## PROBLEM REQUIREMENTS
Please retype the listing below word for word and exclude its images.

## SOURCE MATERIAL
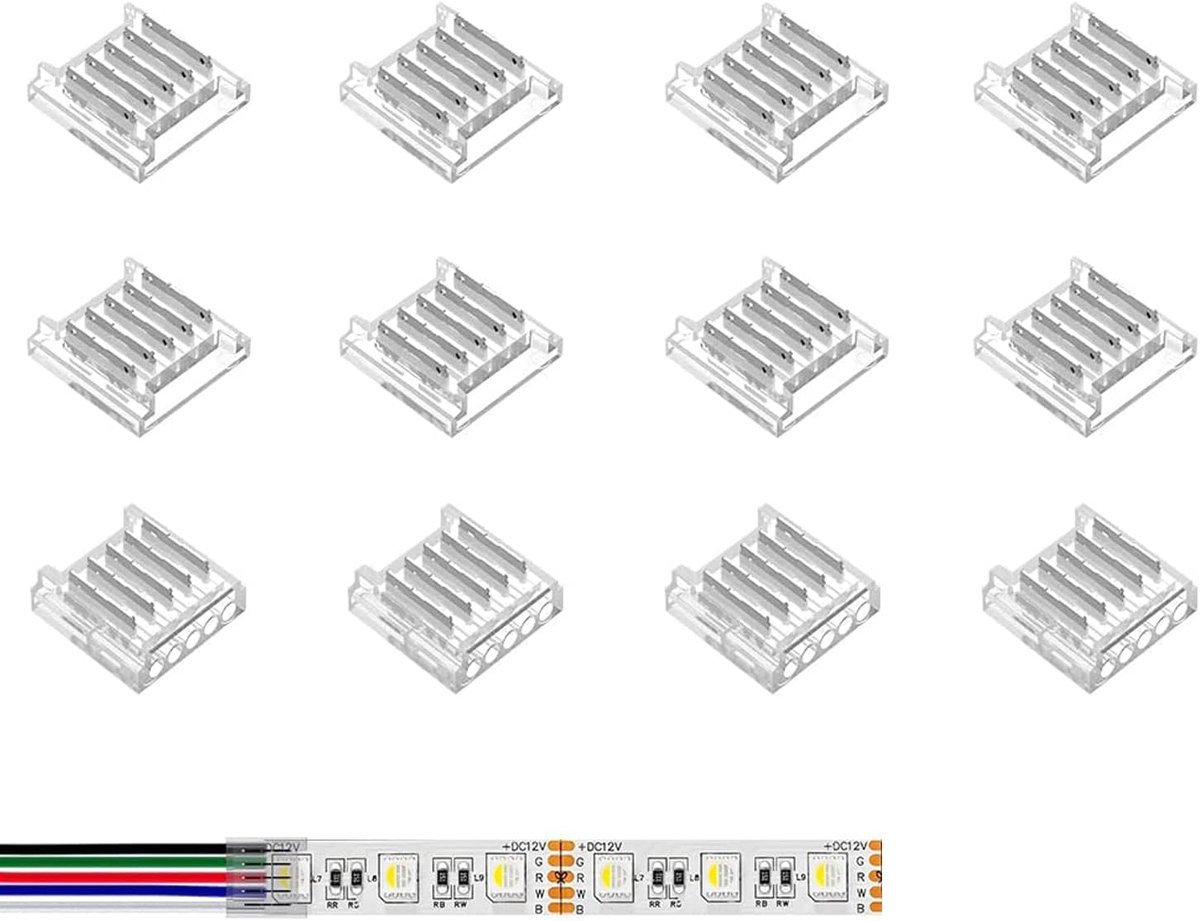 12 verpakkingen met 5-polige led-aansluitingen, gebruikt voor RGB-lampen, SMD 5050, 12 mm, draadloze adapter, meervoudige uitbreidingsperminal (5PIN12MM)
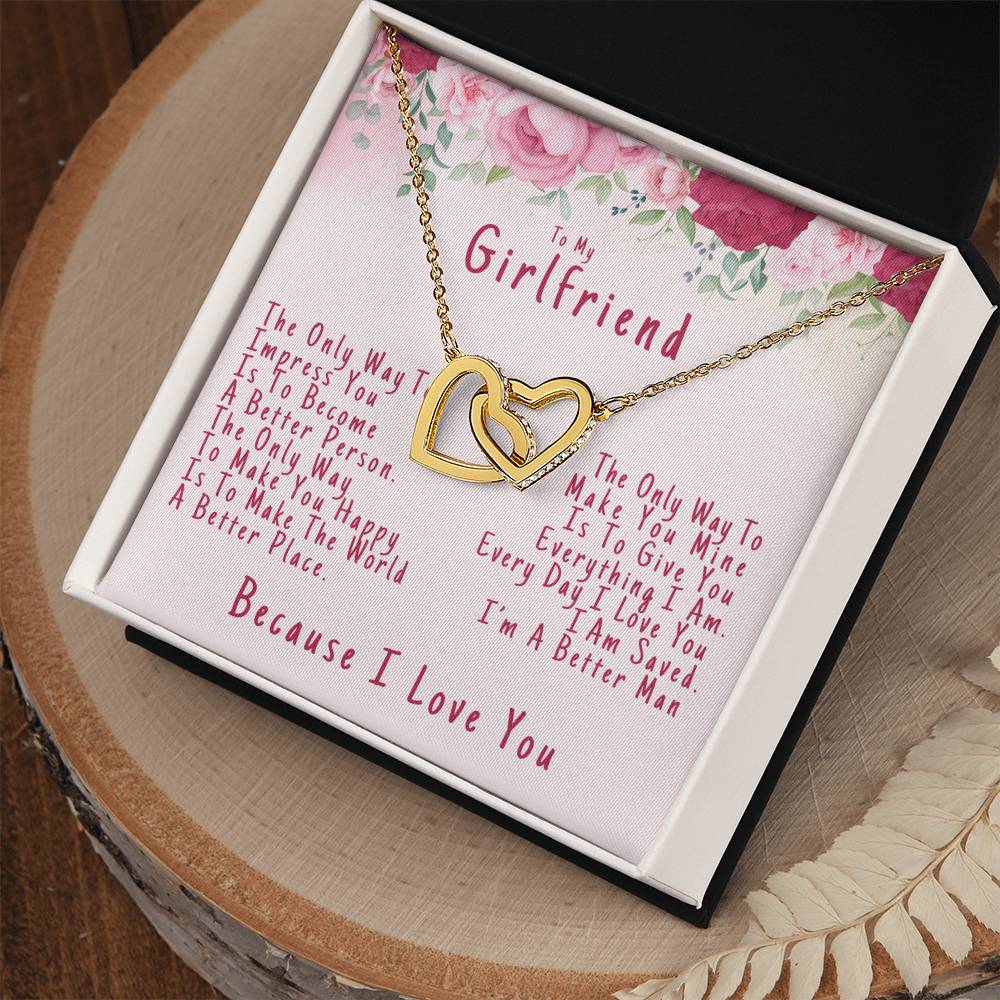 To My Girlfriend Valentine'S Day Because I Love You - Interlocking Heart Necklace Interlocking Hearts Necklace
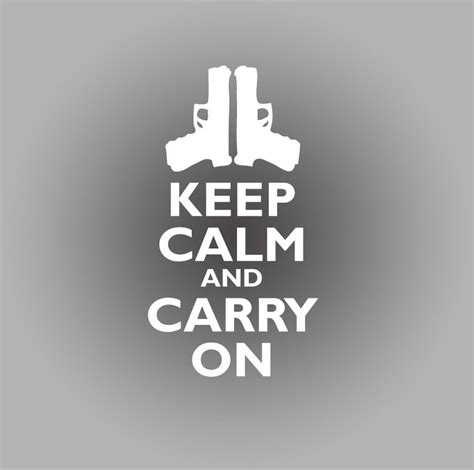 Keep Calm And Carry On Gun Decal 2nd Amendment By Amberrockstar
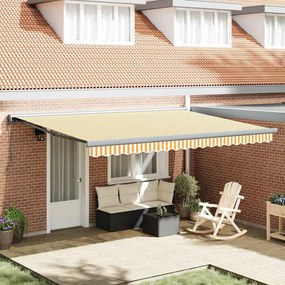 vidaXL Toldo Retrátil laranja e branco 450 × 300 cm Tecido, Metal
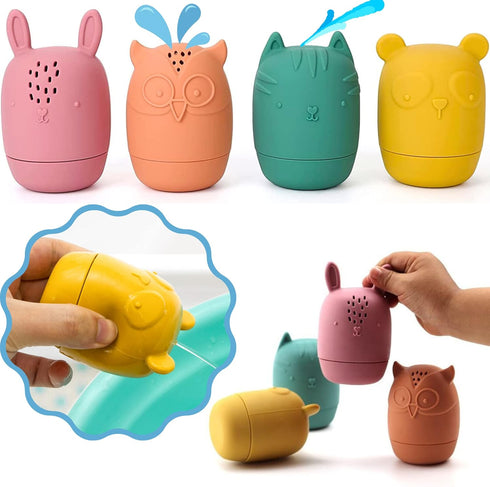 Mold Free Silicone Bath Toys, Baby Bath Toys for 6-12 Months, Non Toxic Infant Bathtub Toy, Dishwasher Safe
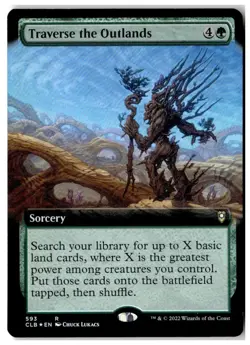 MTG Foil Traverse the Outlands (Extended Art) - CLB Moderately Played English - Image 1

## REPLY TO THE TASK
 12 verpakkingen met 5-polige led-aansluitingen, gebruikt voor RGB-lampen, SMD 5050, 12 mm, draadloze adapter, meervoudige uitbreidingsperminal (5PIN12MM)
 To My Girlfriend Valentine'S Day Because I Love You - Interlocking Heart Necklace Interlocking Hearts Necklace
 Keep Calm And Carry On Gun Decal 2nd Amendment By Amberrockstar
 vidaXL Toldo Retrátil laranja e branco 450 × 300 cm Tecido, Metal
 Mold Free Silicone Bath Toys, Baby Bath Toys for 6-12 Months, Non Toxic Infant Bathtub Toy, Dishwasher Safe
 MTG Foil Traverse the Outlands (Extended Art) - CLB Moderately Played English - Image 1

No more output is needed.